● **Task**: Without changing a thing, reproduce the entire listing and leave out its pictures.

● **The data**:
-*-*-
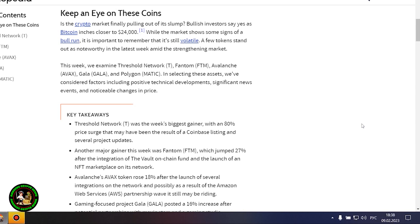These cryptocurrencies will be especially interesting in the future. There is a special interest from them and now you'll find out what. Keep an eye on these coins - is the crypto market finally pulling out of its slump? Bullish investors say yes as Bitcoin inches closer to $24,000.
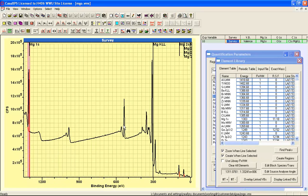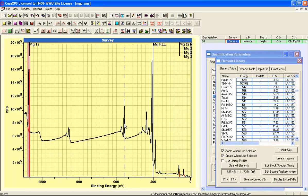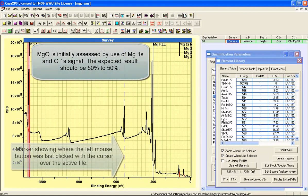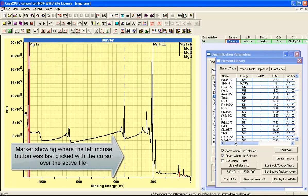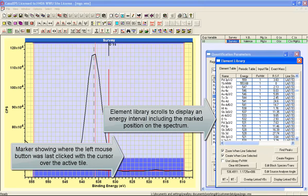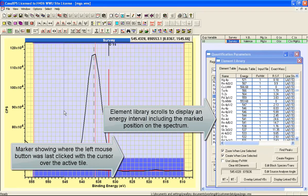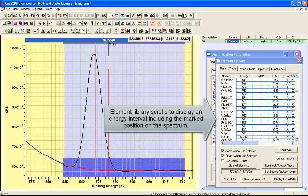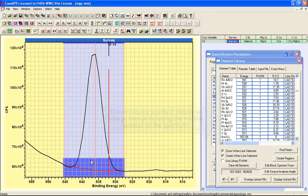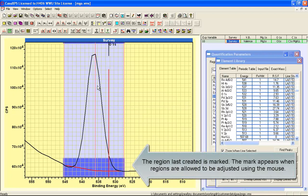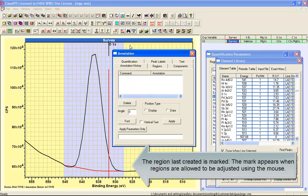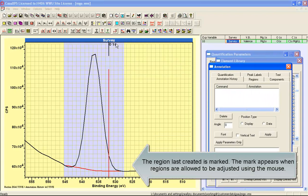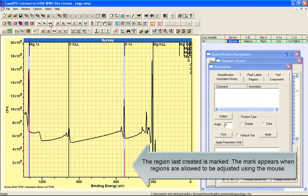So we will repeat this for the oxygen 1s, clicking on the spectrum. This will scroll the element library, and by selecting the oxygen 1s with create line selected, the relative sensitivity factor and an interval representing a region where the signal above background for the oxygen 1s is calculated. And then we have a pair of peaks that should be enough to characterize the magnesium oxide.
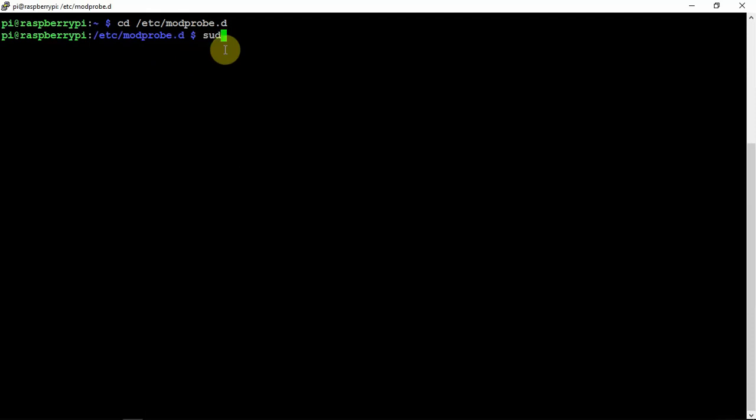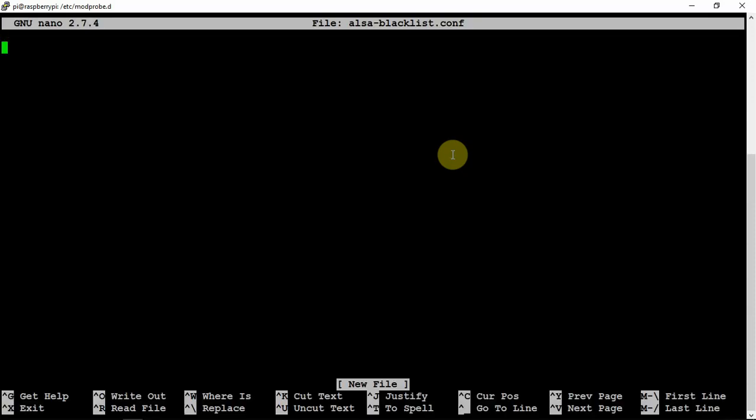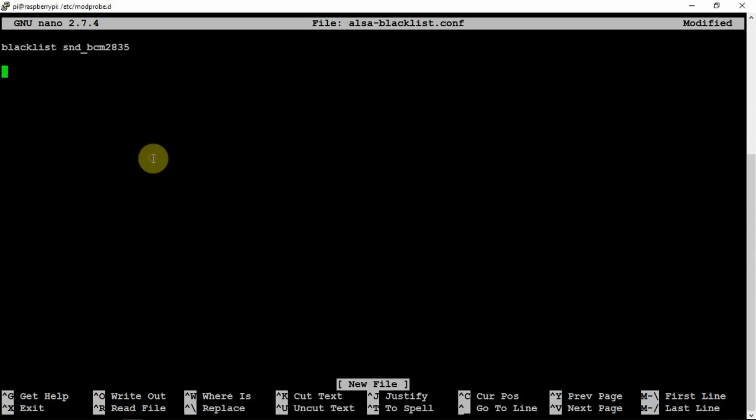Secondly, we're going to nano into a file that we're going to create. Now that we're in there, we're going to add the following line.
-*-*-
● **Solution for this exercise**:
These cryptocurrencies will be especially interesting in the future. There is a special interest from them and now you'll find out what. Keep an eye on these coins - is the crypto market finally pulling out of its slump? Bullish investors say yes as Bitcoin inches closer to $24,000.
So we will repeat this for the oxygen 1s, clicking on the spectrum. This will scroll the element library, and by selecting the oxygen 1s with create line selected, the relative sensitivity factor and an interval representing a region where the signal above background for the oxygen 1s is calculated. And then we have a pair of peaks that should be enough to characterize the magnesium oxide.
Secondly, we're going to nano into a file that we're going to create. Now that we're in there, we're going to add the following line.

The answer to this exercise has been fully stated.